Everyone knows how difficult it is to reduce the defense budget. President Reagan doesn't believe that money spent on weapons is real money or should be counted in the national deficit. We have a secretary of defense who has rarely met a weapon he didn't like.

But the blame doesn't stop there. Congress wails about deficits, vows to make cuts, but can never bring itself to kill weapons programs. Congress is against capital punishment when it comes to Pentagon hardware.

The problem is illustrated by what the Senate Armed Services Committee did recently about the Divad (division air defense) gun called the Sgt. York. The committee gave the administration $256 million less than it requested, but still approved $150 million for fiscal 1986 for the gun.

The Divad is one of the Pentagon's major embarrassments. Its mission is to shoot down helicopters and other aircraft over a battlefield, but its range may be less than that of some weapons carried by attacking Soviet choppers. The Pentagon, which never admits defeat even at the most glaring of weapons Dunkirks, is planning to graft a Stinger missile onto the hapless Divad.

The Sgt. York may be crying out for a mercy killing, but Congress can't bring itself to pull the plug.

Congress rationalizes that it is cheaper in the long run to keep funding turkeys because ending them involves the payment of "penalty" or "termination" fees to defense contractors, the exact amount of which is classified information. Knowing what it does about General Dynamics' billing practices, it may be right.

Even with a cut of 3 percent in the $313.7 billion Reagan budget request, 1986's defense spending would be $19 billion over 1985's.

Bad as it is, it is going to get worse. This somber information comes from Gordon Adams of the Center on Budget and Policy Priorities, who for the past five years has studied defense spending.

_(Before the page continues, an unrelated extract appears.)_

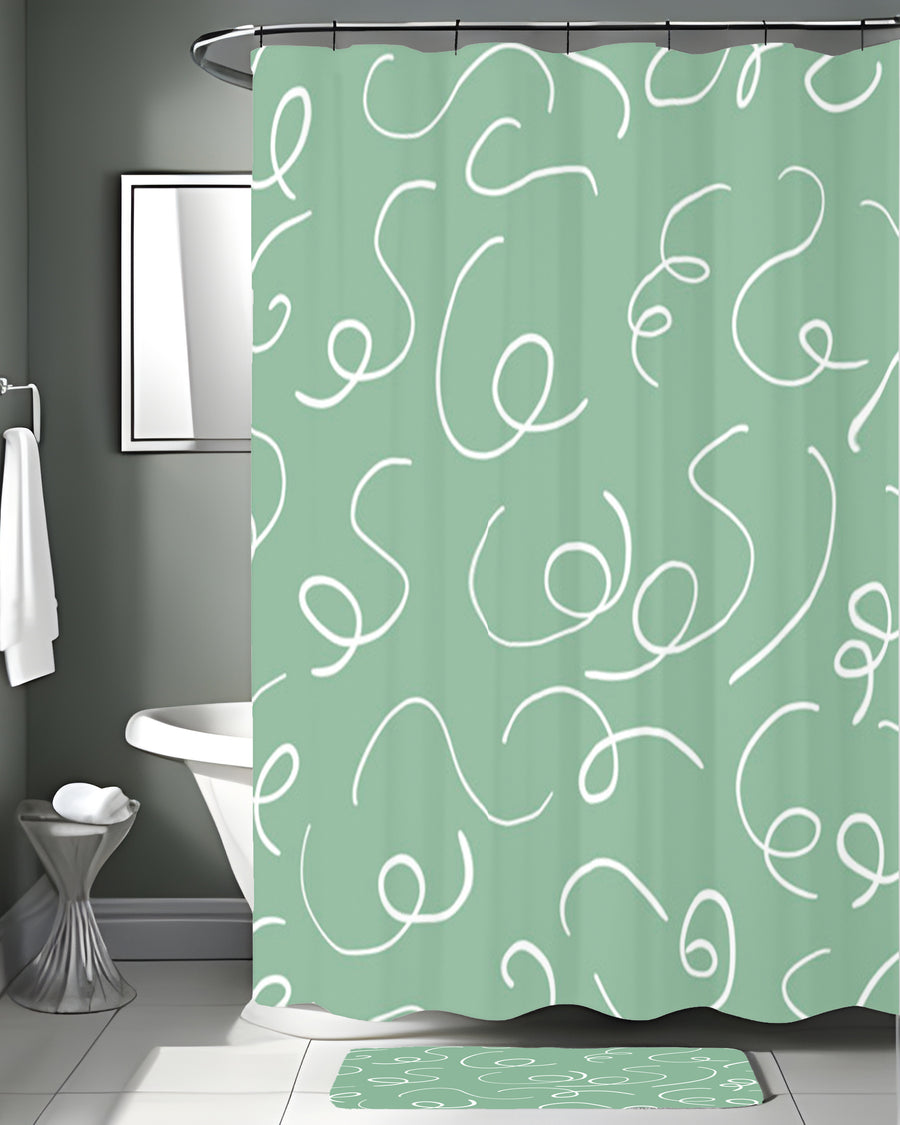 Green Abstract Scribble Line Pattern Shower Curtain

He is the author of "The Iron Triangle," an analysis of the unspoken conspiracy among the Pentagon, defense contractors and Congress to keep the defense budget growing.

Adams has created considerable chagrin in the Pentagon. Last year, he wrote a report called "Nuts and Bolts at the Pentagon: a Spare Parts Catalogue" and at the publication news conference invited a prominent local hardware store magnate, John D. Hechinger, as an expert witness. Hechinger said the Pentagon could have bought an Allen wrench for 25 cents at his store. The Pentagon managed to lay out $9,600 for one.

Cost overruns, which come from a systematic underestimation of the price of elaborate weapons systems, are an old story. The "backlog" of appropriated but unspent or unobligated funds is another -- the backlog is estimated to rise from $92 billion in 1980 to $280 billion in 1986. Yet, presidents get 95 percent of what they seek for the Pentagon.

Since taking office, Reagan has launched an unprecedented peacetime military buildup, with no end in sight. And his is what Adams calls "a weapons-driven budget." Fifty percent of the 1986 budget will go for weapons. Funds for operation and maintenance, which used to be 32 percent, have dropped to 25 percent.

The money for all that hardware is virtually locked in for years to come.

The situation is such that a new president, even say one of the George McGovern school of defense spending, couldn't do much about it. Adams estimates that by 1989, 85 percent of the the defense budget will be untouchable.

The effect on social spending is predictable. Cruel choices will become more cruel. We face more hideous economies, victimizing the least fortunate.

The president wants to take away free mailing privileges from the blind, something they have enjoyed for 81 years. He proposes, in the interests of cutting the deficit, to take the $38 million cost of sending large Braille books through the mail out of the budget and turn it over to the U.S. Postal Service, which would have to deal with it by increasing postal rates again. The sum involved is less than a quarter of the consolation money bestowed on the worthless Sgt. York, but such are the priorities when weapons matter most.

Pentagon spending has long been out of control. Adams' point is that it is also uncontrollable. And why does the public put up with it?

Adams thinks it's because the ordinary citizen, once he gets beyond the $9,600 Allen wrench and the $718 pliers, feels cowed by the hi-tech jargon of the Pentagon priests, is silenced by the incantation of the magic words "national security" and, like Congress, is often moved by self-interest. Defense contracts, however extravagant, mean jobs and money. The most preposterous weapons acquire constituencies, as the momentum of "Star Wars" attests.

Maybe Pogo's dictum applies: "We have met the enemy and he is us."